The European food safety watchdog announced yesterday that the memorandum with the Food Safety Commission (FSC) of Japan would formalise their commitment to scientific co-operation and information sharing relating to current and emerging risks.
“As crops, animals and food products are transported around the globe, so can the risks associated with the food chain,” said and EFSA statement. “Ensuring access to a larger pool of international data is one of the priorities of EFSA’s international strategy.”
Food contact materials, animal cloning and nanotechnology were some of the issues FSC deputy chair Dr Takeshi Mikami discussed with EFSA scientists following the inking of the accord.
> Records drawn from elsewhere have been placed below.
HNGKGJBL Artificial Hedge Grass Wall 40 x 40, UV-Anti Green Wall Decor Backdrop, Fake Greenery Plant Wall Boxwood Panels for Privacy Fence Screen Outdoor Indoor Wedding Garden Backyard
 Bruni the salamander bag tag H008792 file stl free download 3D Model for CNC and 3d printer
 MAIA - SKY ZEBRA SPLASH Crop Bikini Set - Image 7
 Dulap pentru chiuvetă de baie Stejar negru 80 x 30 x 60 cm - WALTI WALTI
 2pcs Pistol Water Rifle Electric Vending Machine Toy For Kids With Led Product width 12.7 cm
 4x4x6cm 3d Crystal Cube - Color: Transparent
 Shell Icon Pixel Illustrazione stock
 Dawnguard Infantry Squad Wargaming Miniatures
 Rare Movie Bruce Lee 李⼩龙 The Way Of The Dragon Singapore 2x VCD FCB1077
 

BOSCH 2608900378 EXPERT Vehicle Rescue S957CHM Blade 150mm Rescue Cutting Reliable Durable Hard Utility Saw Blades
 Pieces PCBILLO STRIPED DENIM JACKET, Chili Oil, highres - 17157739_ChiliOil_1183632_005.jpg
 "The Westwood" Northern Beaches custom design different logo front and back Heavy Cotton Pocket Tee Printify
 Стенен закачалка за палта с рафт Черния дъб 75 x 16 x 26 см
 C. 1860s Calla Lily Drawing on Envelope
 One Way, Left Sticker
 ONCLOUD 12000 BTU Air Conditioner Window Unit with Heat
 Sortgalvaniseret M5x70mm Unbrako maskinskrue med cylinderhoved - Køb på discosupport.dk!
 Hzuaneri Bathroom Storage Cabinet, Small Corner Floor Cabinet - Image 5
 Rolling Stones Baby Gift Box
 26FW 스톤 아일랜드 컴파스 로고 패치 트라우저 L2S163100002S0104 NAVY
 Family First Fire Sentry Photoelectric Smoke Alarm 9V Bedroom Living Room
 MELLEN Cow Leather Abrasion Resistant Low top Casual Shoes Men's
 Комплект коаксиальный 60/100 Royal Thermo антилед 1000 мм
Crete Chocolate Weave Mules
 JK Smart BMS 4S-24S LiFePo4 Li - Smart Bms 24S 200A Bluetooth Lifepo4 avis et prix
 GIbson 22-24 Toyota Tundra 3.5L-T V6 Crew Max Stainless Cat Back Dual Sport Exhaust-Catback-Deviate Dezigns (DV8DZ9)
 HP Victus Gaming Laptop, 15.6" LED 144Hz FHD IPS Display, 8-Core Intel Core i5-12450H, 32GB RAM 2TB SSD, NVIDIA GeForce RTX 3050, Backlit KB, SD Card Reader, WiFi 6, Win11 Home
Sharing technical data and expertise
The memorandum, signed by EFSA executive director Catherine Geslain-Laneelle in Parma, said the bodies will “provide mutual support and co-operation” on the collection, analysis and sharing of technical data, as well as sharing expertise and views on methodologies for collecting information.
However, the agreement does not imply any legal obligations and neither body will have to supply information deemed to be confidential. Within the EU, this would include information that could damage the public and commercial interests of individuals, companies or countries.
The agreement between the EFSA and the FSC will initially run for five years, with a clause to continue until 2019 unless one of the parties decides to terminate the accord. The memorandum also has a mutual ‘get out’ clause allowing one party to walk away if it believes there are “special reasons by which the co-operation cannot be continued”.
The memorandum signed with Japan is the agency’s second international agreement with a national food safety body outside the European Union. In 2007, EFSA and the US Food and Drugs Administration (FDA) signed a similar co-operation pact.
EFSA said working with global bodies such as Codex Alimentarius, as well as food safety agencies across the world is an important part of its food safety strategy.